Wartime anti-semitic Iron Guard active in Ontario

Romanian Iron Guard in 1940

“Look at Judah’s claws, deeply penetrating my body! Look how my blood is running, look how the Jews are drinking it!”

These are lyrics to a song. They were excerpted from a songbook found at Romanian Camp, a 50-acre compound in Flamborough, Ontario, outside Hamilton, where a group of sympathizers of the Iron Guard — an extreme right-wing, anti-Semitic religious order responsible for much Jewish bloodshed in Romania of the 1930s and 1940s — has been quietly passing down the torch of racial hatred and brutality to a new generation of adherents in Canada.

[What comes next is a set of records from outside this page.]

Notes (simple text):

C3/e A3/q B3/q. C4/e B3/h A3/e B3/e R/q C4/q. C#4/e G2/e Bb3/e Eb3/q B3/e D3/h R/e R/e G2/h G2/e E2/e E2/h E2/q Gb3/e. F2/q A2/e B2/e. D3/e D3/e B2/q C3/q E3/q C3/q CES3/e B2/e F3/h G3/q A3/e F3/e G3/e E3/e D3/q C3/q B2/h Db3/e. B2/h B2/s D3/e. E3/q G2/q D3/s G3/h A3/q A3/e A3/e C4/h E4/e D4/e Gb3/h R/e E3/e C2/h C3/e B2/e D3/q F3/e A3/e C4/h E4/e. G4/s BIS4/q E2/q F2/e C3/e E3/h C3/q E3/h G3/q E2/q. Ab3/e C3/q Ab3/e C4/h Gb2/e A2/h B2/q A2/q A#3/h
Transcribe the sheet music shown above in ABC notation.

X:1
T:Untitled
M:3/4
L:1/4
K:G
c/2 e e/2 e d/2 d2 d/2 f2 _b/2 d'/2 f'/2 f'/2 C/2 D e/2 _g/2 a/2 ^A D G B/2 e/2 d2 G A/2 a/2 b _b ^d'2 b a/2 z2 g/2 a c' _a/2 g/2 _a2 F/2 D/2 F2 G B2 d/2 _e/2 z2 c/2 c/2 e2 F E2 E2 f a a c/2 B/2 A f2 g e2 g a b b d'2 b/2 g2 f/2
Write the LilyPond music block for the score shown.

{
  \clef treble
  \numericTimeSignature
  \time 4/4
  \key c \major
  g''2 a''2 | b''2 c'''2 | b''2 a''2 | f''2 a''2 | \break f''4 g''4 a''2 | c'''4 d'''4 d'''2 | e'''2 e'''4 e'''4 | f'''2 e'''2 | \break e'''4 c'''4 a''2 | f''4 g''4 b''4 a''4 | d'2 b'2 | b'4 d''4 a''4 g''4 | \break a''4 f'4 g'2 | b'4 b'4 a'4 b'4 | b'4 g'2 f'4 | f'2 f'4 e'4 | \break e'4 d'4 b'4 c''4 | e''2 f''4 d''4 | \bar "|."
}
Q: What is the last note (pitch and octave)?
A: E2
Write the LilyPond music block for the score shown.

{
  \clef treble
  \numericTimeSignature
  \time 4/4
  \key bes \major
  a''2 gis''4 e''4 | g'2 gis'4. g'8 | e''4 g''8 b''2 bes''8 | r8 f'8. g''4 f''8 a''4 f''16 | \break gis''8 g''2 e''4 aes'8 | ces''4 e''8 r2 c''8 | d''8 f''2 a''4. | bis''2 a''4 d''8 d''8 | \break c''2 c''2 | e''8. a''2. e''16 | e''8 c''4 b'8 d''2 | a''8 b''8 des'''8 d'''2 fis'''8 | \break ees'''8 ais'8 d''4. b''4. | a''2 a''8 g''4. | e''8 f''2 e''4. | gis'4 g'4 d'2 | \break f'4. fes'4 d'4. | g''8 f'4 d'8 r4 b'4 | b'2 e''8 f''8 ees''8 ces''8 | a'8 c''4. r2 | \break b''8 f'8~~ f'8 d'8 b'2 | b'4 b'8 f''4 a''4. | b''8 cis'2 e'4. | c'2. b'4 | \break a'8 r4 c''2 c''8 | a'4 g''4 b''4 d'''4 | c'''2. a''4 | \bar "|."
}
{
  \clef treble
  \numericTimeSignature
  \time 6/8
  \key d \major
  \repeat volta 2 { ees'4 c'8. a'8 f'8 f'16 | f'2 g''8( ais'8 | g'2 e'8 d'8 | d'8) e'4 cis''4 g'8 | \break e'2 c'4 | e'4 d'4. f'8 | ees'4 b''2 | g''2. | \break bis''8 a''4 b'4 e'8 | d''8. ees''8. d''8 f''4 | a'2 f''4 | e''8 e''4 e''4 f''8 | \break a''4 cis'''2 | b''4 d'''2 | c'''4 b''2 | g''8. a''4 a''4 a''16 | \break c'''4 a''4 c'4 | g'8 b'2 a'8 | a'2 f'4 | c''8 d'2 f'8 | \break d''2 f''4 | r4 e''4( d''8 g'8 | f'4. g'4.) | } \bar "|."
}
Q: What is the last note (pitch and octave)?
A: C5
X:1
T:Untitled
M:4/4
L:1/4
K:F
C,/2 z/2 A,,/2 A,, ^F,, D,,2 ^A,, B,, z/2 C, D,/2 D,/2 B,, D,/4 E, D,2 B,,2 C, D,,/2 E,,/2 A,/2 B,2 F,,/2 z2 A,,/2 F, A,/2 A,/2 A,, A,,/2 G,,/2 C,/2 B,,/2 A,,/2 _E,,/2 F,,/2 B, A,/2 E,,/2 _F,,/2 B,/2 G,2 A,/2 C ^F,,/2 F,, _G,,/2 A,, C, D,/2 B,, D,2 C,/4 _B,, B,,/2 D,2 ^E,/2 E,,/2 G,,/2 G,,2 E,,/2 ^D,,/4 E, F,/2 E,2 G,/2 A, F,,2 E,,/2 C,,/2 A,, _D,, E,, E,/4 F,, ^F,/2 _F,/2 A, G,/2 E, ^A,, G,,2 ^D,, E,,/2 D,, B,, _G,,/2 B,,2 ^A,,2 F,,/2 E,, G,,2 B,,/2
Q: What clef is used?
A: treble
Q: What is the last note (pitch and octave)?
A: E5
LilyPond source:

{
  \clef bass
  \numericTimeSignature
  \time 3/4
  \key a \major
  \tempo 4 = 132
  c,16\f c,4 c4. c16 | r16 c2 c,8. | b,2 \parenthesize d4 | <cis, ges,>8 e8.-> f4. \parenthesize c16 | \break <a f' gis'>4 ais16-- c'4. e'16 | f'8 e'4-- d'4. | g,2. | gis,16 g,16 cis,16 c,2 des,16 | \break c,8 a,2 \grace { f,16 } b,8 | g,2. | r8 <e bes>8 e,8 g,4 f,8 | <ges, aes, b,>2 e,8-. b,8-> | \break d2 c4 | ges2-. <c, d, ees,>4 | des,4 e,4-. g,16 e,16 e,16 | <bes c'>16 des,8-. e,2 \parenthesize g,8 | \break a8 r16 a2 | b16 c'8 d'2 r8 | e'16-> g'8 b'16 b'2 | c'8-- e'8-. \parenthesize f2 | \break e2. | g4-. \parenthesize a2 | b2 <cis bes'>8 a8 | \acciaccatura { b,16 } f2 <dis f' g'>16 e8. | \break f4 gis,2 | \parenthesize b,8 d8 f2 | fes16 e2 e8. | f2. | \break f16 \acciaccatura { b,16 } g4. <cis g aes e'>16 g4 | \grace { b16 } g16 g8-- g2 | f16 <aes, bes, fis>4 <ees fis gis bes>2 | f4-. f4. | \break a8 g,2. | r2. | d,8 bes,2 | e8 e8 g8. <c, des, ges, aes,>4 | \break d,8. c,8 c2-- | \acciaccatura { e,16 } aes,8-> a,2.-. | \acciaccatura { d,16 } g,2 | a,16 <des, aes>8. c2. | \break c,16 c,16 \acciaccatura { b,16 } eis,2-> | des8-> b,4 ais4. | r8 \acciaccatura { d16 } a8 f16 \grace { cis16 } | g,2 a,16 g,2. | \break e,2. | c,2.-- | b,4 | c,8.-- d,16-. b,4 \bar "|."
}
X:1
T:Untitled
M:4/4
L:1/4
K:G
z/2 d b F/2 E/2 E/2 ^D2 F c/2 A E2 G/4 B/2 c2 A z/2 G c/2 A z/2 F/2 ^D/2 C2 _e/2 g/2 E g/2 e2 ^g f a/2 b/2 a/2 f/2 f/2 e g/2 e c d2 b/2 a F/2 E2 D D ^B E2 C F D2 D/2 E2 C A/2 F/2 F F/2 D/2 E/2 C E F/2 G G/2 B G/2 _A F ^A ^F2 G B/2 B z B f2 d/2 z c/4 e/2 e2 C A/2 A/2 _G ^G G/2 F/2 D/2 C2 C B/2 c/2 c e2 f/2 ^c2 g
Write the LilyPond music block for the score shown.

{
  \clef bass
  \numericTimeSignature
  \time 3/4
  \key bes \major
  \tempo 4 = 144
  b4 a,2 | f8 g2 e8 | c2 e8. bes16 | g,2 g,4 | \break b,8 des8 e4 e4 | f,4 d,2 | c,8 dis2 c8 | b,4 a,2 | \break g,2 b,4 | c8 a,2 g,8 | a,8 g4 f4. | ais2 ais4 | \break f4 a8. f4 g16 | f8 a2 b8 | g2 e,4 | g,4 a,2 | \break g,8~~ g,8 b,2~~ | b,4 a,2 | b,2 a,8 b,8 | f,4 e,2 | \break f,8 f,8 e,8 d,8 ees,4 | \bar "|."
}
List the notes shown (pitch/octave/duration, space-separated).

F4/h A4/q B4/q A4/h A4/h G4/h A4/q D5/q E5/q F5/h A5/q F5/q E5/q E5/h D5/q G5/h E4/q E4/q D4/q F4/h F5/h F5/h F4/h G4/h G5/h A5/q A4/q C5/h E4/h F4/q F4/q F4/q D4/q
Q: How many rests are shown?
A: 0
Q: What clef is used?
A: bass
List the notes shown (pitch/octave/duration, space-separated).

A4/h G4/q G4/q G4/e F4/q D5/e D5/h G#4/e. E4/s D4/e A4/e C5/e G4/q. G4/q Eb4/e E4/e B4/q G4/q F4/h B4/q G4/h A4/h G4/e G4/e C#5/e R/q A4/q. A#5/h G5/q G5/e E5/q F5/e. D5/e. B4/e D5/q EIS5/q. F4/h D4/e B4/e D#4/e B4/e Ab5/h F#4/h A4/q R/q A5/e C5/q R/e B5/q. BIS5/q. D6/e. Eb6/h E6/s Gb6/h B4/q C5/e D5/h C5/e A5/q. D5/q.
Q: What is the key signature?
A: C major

Over several decades, a cadre of transplanted Iron Guardists and their followers have reportedly used beatings, firebombs and threats to attempt to coerce members of the Romanian community in southern Ontario to accept their explosive blend of Christian mysticism, Romanian nationalism, anti-communism and fascism. Toronto police suspect Iron Guard involvement in the unsolved murder of a Romanian writer, Cornelius Dima-Dragan, in 1986.

The Iron Guard, also known as the Legion of the Archangel Michael, emerged as a powerful political force in Romania in the late 1930s. Sympathetic both to Hitler’s Nazis and Mussolini’s fascists, green-shirted “legionnaires” marched in priest-led processions, conducted numerous political murders and pogroms, seized property from Jews, and undertook a five-month reign of terror after joining the government in 1940. Following the Guards’ overthrow in 1941, many of its proponents found protection with the Nazis.

As Canadian Justice Jules Deschenes noted in a landmark 1987 report on war criminals in Canada, at least 15 former Iron Guardists have made southern Ontario their home, having slipped into Canada during a period of relatively lax immigration checks in the immediate post-war era. It is estimated that some 500 one-time legionnaires are living in North America.

Like other officials in the Canadian Jewish establishment, Sol Littman has long known of the Hamilton-based Romanian Cultural Association, allegedly an Iron Guard front organization, and its Flamborough camp where, according to an inside source, anti-semitic tales have been told and anti-semitic songs sung. As director of the Canadian Simon Wiesenthal Centre, he is well-versed in the brutal and frightening history of the order. “The Iron Guard was the most vicious, dangerous, conspiratorial fascist terrorist group in Europe,” he told the Forward. “It assassinated cabinet ministers, liberal professors, police chiefs, almost anyone that displeased it. And it conducted the most horrendous massacres of Jews in both Bucharest and Jassi.”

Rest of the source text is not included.